In her declaration (FAP Exh. A at A40-A41), Ms. Williams stated the following. She is Petitioner's mother. (See id. at A40.) She sees and hears things that other people cannot, and she has visions. (Id. at A41.) She believes other people in her family also have visions or gifts. (Id.) When Petitioner was a child, Ms. Williams often found him sleeping under the bed rather than in the bed. (Id.) When she asked him why he did this, he told her it was so he "wouldn't see things." (Id.) At the time, Ms. Williams understood this to mean that Petitioner was seeing things other people could not see or was having visions. (Id.)

The Court notes that Petitioner and multiple family members stated in their declarations attached to the FAP that petitioner's step-father often beat him and his family members when he was growing up. (See FAP Exh. A at A46, A29-A30, A31, A40-A41.)

In the year before Petitioner's arrest in January 1995, Ms. Williams understood that Petitioner was using drugs. (Id.) She never personally witnessed him using drugs, but he was not acting like himself and other family members told her it was because he was using drugs. (Id.) During that year, she visited Petitioner and his family frequently at their home. (Id.) Ms. Williams remembers that Petitioner told her that people were watching him. (Id.) She remembers that he had tin foil covering his windows. (Id.)

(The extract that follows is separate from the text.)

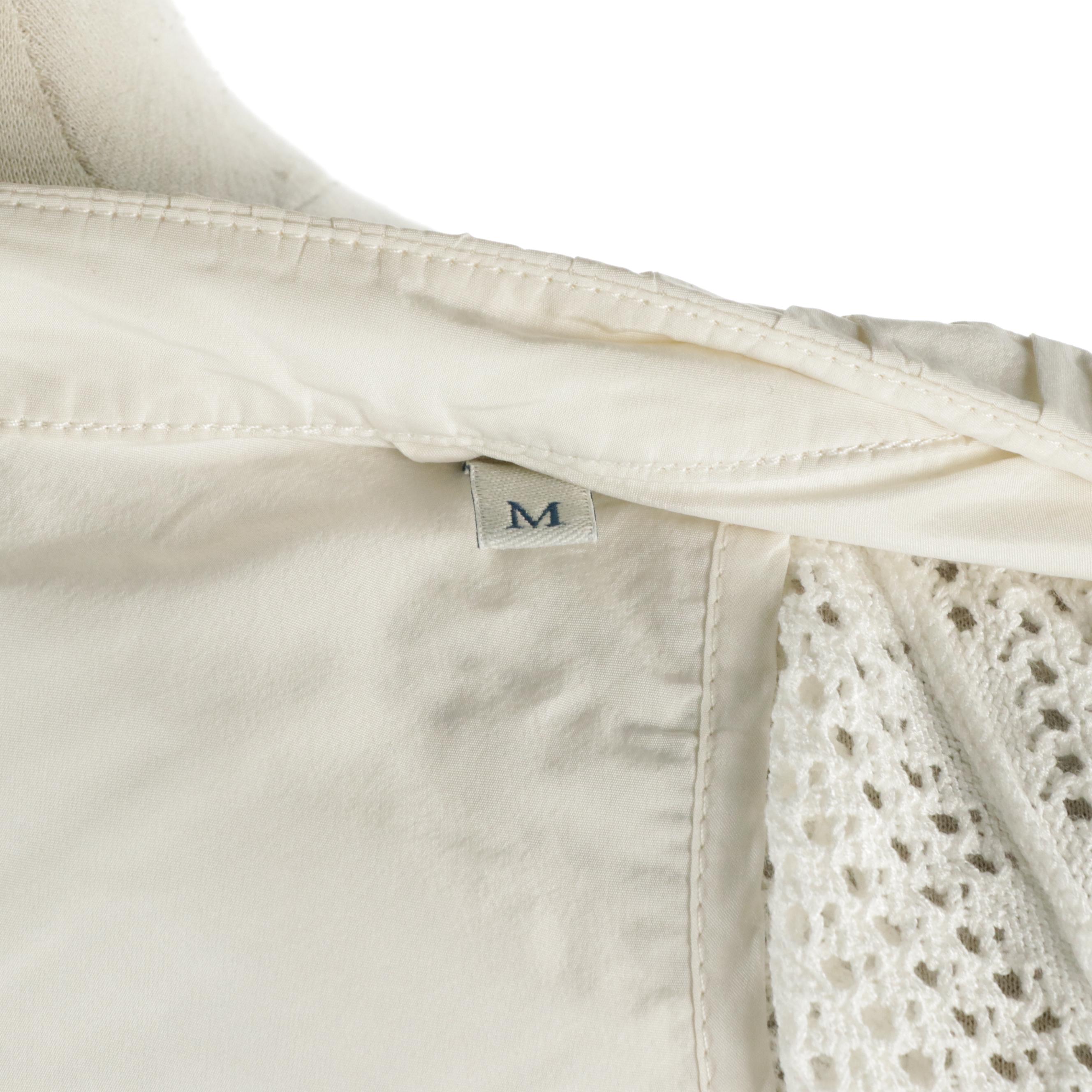 Moncler Cardigan-Layered Zip Jacket in White Nylon and Polyester Knit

Ms. Williams does not remember ever speaking with Petitioner's attorney before the trial or ever being asked about his mental health or drug use. (Id.)

g. Adrienne Mack Morris

In her declaration (FAP Exh. A at A42-43), Ms. Morris stated the following. She was Petitioner's neighbor in January 1995. (Id. at A42.) She remembers Petitioner had a reputation for being a drug user. (Id.) She also remembers that after the shooting on January 11, 1995, Petitioner's behavior changed and he became withdrawn and quiet, keeping to himself. (Id.) She does not recall his attorney or defense investigator asking her about Petitioner's drug use. (Id.)

Ms. Morris was called as a witness for the prosecution at trial. She did not testify about Petitioner's drug use on the night of the shooting or on any other occasion. (See ECF No. 10-11 at 64-83.) / / / / / /

3. Mr. Kelley's investigation and defenses

Also attached to the FAP were documents related to Mr. Kelley's pre-trial investigation. An investigator for Mr. Kelley interviewed Dr. Steven Ornish, a Diplomate with the American Board of Psychiatry and Neurology with an added qualification in Forensic Psychiatry, regarding the possibility of Dr. Ornish testifying at Petitioner's trial. According to handwriting of unknown origin at the bottom of the exhibit, the consultation related to the intent to pursue a voluntary intoxication defense. (FAP Exh. D at D4-D5.) Dr. Ornish also submitted an invoice to Mr. Kelley for his time spent on "Research on methamphetamines levels and consultation, 1 hour." (Id. at D5.) Dr. Ornish did not testify at trial.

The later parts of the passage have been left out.